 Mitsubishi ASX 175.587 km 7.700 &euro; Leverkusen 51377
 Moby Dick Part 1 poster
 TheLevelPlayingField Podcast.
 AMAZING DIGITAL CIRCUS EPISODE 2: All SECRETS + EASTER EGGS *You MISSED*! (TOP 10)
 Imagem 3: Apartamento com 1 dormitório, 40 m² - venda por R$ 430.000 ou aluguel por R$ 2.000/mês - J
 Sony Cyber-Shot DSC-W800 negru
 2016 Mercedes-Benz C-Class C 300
---
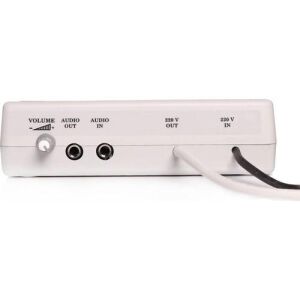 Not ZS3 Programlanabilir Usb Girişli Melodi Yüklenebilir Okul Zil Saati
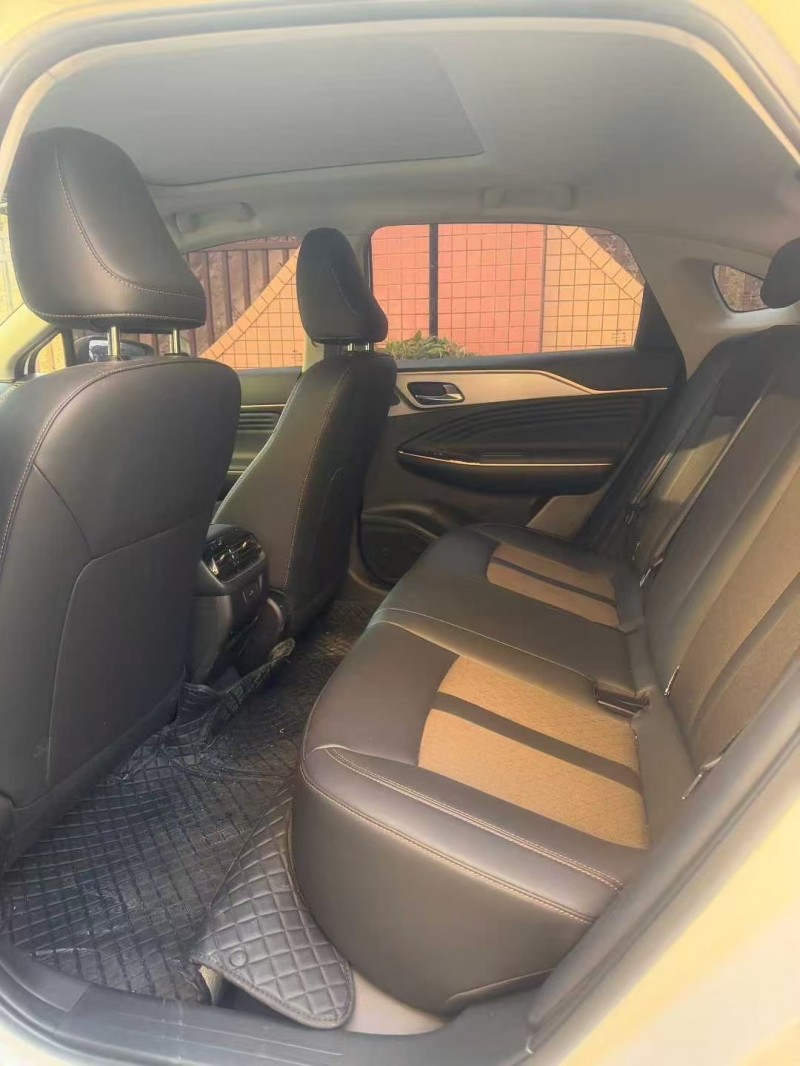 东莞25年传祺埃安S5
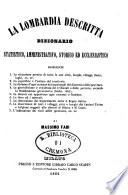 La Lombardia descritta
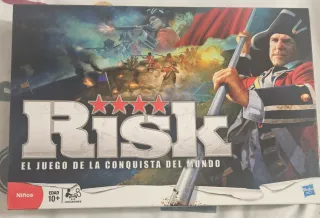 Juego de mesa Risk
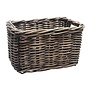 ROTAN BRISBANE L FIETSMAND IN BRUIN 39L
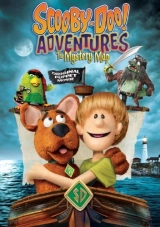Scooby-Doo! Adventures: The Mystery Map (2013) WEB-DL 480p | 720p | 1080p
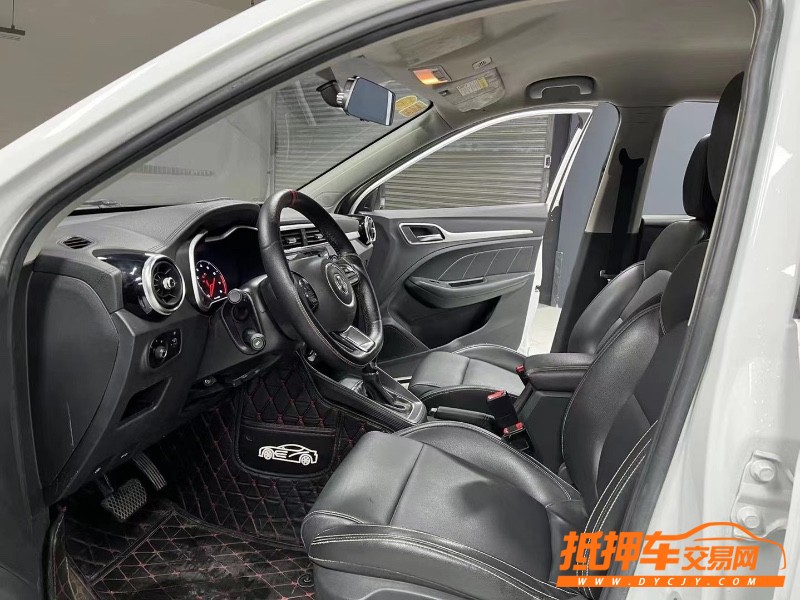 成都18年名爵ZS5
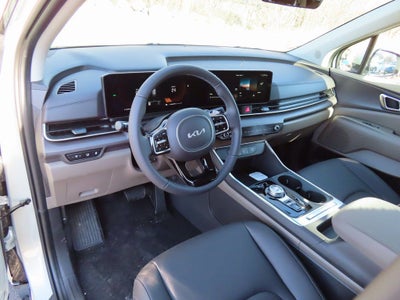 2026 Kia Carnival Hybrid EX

#### [Required work]
Beginning with the line that contains "Juego de mesa Risk", write out the lines of the material above exactly, and end with the line that contains "2026 Kia Carnival Hybrid EX". Omit the pictures.

#### [Final answer]
 Juego de mesa Risk
 ROTAN BRISBANE L FIETSMAND IN BRUIN 39L
Scooby-Doo! Adventures: The Mystery Map (2013) WEB-DL 480p | 720p | 1080p
 成都18年名爵ZS5
 2026 Kia Carnival Hybrid EX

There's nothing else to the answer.